Shell Demonstrates Arctic Spill Response Capabilities
Shell’s controversial plan to recommence drilling operations in Alaska’s Chukchi Sea has been met with protest by people from around the world. However, Shell’s Alaska program has gone to great lengths to make sure a worst-case scenario, such as an oil spill, never takes place, and the company has just released an animation demonstrating its spill response capabilities.
Shell is preparing 25 vessels to begin a two-year drilling program in the Chukchi Sea off the coast of Alaska. Although Shell had to pull out of the region in 2012 after an oil rig ran aground, the Arctic oil reserve “remains a massive value opportunity,” the company has said.
A New Plan
Shell has submitted new plans to explore the Arctic to the U.S. Interior Department after the Obama administration upheld a 2008 Arctic lease sale last month, clearing an important hurdle for the company. The Bureau of Ocean Energy Management (BOEM) has until May 10 to approve or reject Shell’s plans.
The new plan proposes continuing the Chukchi Sea drilling exploration that initially began in July 2012. The program outlines the drilling of up to six wells within the Burger Prospect that would be completed using the drillship Noble Discoverer and the semi-submersible drilling unit Polar Pioneer. The vessels would be removed from the Chukchi at the conclusion of each drilling season.

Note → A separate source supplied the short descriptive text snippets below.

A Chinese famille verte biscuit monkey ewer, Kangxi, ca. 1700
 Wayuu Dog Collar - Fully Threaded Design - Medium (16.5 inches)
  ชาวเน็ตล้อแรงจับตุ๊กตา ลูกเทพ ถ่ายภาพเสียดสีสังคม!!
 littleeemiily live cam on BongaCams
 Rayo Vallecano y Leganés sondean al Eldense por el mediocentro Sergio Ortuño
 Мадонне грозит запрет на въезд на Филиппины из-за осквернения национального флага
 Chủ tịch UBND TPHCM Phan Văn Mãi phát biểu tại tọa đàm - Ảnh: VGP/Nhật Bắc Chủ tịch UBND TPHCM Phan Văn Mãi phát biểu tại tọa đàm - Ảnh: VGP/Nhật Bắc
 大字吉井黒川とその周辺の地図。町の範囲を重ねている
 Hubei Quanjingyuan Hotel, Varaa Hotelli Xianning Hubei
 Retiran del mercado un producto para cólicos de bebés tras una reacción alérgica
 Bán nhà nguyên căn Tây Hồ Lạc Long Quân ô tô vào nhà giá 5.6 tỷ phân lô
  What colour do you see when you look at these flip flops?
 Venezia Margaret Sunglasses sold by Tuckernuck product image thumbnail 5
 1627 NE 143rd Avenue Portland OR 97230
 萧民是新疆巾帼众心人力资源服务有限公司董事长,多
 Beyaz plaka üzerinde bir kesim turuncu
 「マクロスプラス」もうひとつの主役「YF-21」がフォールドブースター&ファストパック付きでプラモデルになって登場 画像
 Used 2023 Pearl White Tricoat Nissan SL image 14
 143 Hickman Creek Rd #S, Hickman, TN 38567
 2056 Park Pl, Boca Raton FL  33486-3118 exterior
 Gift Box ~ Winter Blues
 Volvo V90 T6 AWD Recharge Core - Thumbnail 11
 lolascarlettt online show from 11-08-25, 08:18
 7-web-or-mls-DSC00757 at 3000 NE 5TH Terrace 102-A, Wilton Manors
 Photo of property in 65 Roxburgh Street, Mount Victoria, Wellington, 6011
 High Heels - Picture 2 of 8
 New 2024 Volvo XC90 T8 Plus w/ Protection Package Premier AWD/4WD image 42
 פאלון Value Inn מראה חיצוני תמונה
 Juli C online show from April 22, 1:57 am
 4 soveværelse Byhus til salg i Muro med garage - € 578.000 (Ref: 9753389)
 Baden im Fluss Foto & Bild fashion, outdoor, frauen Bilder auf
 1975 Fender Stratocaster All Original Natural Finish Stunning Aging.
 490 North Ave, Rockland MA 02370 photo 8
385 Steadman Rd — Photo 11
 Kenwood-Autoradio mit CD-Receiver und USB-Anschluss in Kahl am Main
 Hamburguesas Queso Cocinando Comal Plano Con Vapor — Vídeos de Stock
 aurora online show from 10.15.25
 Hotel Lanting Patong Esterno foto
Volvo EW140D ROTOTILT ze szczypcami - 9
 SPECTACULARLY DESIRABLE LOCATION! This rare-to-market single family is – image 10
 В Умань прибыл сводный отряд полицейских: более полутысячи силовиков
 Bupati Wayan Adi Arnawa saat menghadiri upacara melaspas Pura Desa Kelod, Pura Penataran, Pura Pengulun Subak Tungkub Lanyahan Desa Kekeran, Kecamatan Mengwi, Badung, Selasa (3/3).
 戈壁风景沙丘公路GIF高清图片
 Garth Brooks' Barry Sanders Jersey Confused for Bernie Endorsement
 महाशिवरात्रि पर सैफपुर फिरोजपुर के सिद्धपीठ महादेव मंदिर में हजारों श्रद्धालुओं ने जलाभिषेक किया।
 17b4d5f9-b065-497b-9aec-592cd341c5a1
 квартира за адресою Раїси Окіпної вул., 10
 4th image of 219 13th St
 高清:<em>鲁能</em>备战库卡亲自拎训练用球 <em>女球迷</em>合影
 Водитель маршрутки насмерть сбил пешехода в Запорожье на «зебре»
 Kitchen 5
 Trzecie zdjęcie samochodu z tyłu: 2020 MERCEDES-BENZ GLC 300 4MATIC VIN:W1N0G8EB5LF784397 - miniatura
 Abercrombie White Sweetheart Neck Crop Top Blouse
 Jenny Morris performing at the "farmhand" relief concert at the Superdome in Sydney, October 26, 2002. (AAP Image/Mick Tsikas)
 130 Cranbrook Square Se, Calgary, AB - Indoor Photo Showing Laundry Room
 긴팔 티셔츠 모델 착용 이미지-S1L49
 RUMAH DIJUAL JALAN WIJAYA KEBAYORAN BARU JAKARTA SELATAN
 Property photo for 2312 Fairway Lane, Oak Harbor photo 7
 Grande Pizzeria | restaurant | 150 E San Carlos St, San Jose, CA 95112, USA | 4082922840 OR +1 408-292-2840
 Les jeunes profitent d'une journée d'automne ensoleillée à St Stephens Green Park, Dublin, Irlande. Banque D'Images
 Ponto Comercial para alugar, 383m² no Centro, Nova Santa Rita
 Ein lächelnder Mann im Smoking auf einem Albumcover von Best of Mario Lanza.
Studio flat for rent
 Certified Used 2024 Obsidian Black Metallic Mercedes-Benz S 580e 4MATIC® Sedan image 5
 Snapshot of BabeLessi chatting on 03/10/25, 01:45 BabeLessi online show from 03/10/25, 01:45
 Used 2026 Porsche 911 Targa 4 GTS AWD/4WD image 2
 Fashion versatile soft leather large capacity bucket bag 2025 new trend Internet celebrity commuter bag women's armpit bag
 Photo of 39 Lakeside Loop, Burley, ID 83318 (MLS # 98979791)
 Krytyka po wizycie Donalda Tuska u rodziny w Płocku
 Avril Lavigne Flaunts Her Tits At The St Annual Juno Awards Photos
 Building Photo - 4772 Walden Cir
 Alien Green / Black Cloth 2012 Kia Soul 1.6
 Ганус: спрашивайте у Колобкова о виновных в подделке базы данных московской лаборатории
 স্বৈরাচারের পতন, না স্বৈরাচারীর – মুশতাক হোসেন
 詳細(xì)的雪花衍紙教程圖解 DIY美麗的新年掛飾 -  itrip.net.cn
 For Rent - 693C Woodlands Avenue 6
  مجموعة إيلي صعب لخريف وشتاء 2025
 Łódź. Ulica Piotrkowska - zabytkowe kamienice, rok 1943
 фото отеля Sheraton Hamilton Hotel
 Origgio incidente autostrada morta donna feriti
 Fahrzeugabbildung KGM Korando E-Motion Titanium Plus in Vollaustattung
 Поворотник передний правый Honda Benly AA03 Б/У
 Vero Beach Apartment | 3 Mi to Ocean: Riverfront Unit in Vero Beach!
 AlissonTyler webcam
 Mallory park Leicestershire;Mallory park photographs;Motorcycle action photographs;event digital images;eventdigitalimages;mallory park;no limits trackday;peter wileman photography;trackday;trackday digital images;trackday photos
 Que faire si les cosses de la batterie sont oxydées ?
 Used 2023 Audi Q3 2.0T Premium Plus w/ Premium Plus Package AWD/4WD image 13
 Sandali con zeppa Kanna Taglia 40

Describing its spill response plans, Shell says its onsite oil spill response assets would be deployed within an hour. If a well control problem were to occur, Shell would activate its emergency response team. As a first step, trained rig personnel on board the Noble Discover or Polar Pioneer would assess the situation and take measures to bring the well back under control. This could involve the deployment of a blowout preventer if required.
The plan builds on the 2012 plan approved by the U.S. Bureau of Safety and Environmental Enforcement (BSEE), and late last month Christy Bohl and Steven Pearson from the BSEE Oil Spill Preparedness Division, Alaska Section, traveled to Valdez, Alaska to observe oil spill responder training and deployment of oil spill response equipment.
This equipment is a critical component of Shell’s Chukchi Sea Regional Exploration Program Oil Spill Response Plan (OSRP). Equipment deployed during the visit is owned and/or operated by the Arctic Slope Regional Corporation Energy Services (AES), and Ukpeaġvik Iñupiat Corporation (UIC) Artic Response Services, two of Shell’s oil spill removal organizations listed in the company’s OSRP.
All operators are required to have an OSRP reviewed and approved by BSEE. The bureau conducts a variety of equipment inspections and deployment exercises, some of which may be unannounced, to validate the tactics, logistics, resource availability and personnel proficiency identified and relied on in the approved oil spill response plan. Equipment preparedness and personnel training verifications are important regulatory tools for ensuring that an OSRP is sound and effective, says BSEE. The inspections help to confirm that the nation’s offshore resource explorers and petroleum energy providers are ready to respond when a discharge of oil occurs from any of their offshore facilities.
The visit and inspection echo BSEE Director Brian Salerno’s recent comments when he viewed Shell’s deployment demonstration of its undersea containment dome. After the demonstration, he stated, “Arctic operations require extra effort to prevent safety or environmental incidents. We are leaving no stone unturned to ensure operators have addressed all relevant risks. It is equally important that operators be prepared to respond in the event of an incident, especially in a scenario which threatens the environment. This exercise is part of a comprehensive effort to verify the readiness of the necessary response capability.”
Six Greenpeace climbers intercepted the Polar Pioneer 750 miles north-west of Hawaii in April as it headed to the U.S. The activists scaled the 38,000 ton platform to protest against the planned drilling.
Climber Johno Smith from New Zealand, had this to say while on the platform: “I believe that shining a light on what Shell is doing will encourage more people to take a strong stand against them and other companies who are seeking to destroy this planet for profit. I'm just one voice out here, but I know I'm not alone, and millions if not billions of voices demanding the right to safe and healthy lives will have a huge chance of changing things.”
Greenpeace has said that it believes Shell’s operation in the Chukchi Sea can’t be performed safely, citing that Noble Drilling, one of Shell’s biggest Arctic sub-contractors and owner of the Noble Discoverer, had pleaded guilty to committing eight felonies in connection with Shell’s failed attempts to drill in the Arctic Ocean in 2012.
Back in 2012, the Greenpeace said: “Arctic oil drilling is a dangerous, high-risk enterprise and an oil spill under these icy waters would have a catastrophic impact on one of the most pristine, unique and beautiful landscapes on earth. The risks of such an accident are ever present and the oil industry’s response plans remain wholly inadequate.
“The US Geological Survey estimates that around 13 percent of the world's undiscovered oil could lie under the area north of the Arctic Circle. Sounds like a lot? At our current oil consumption rate, that's actually only three years’ worth of resources.”
The opinions expressed herein are the author's and not necessarily those of The Maritime Executive.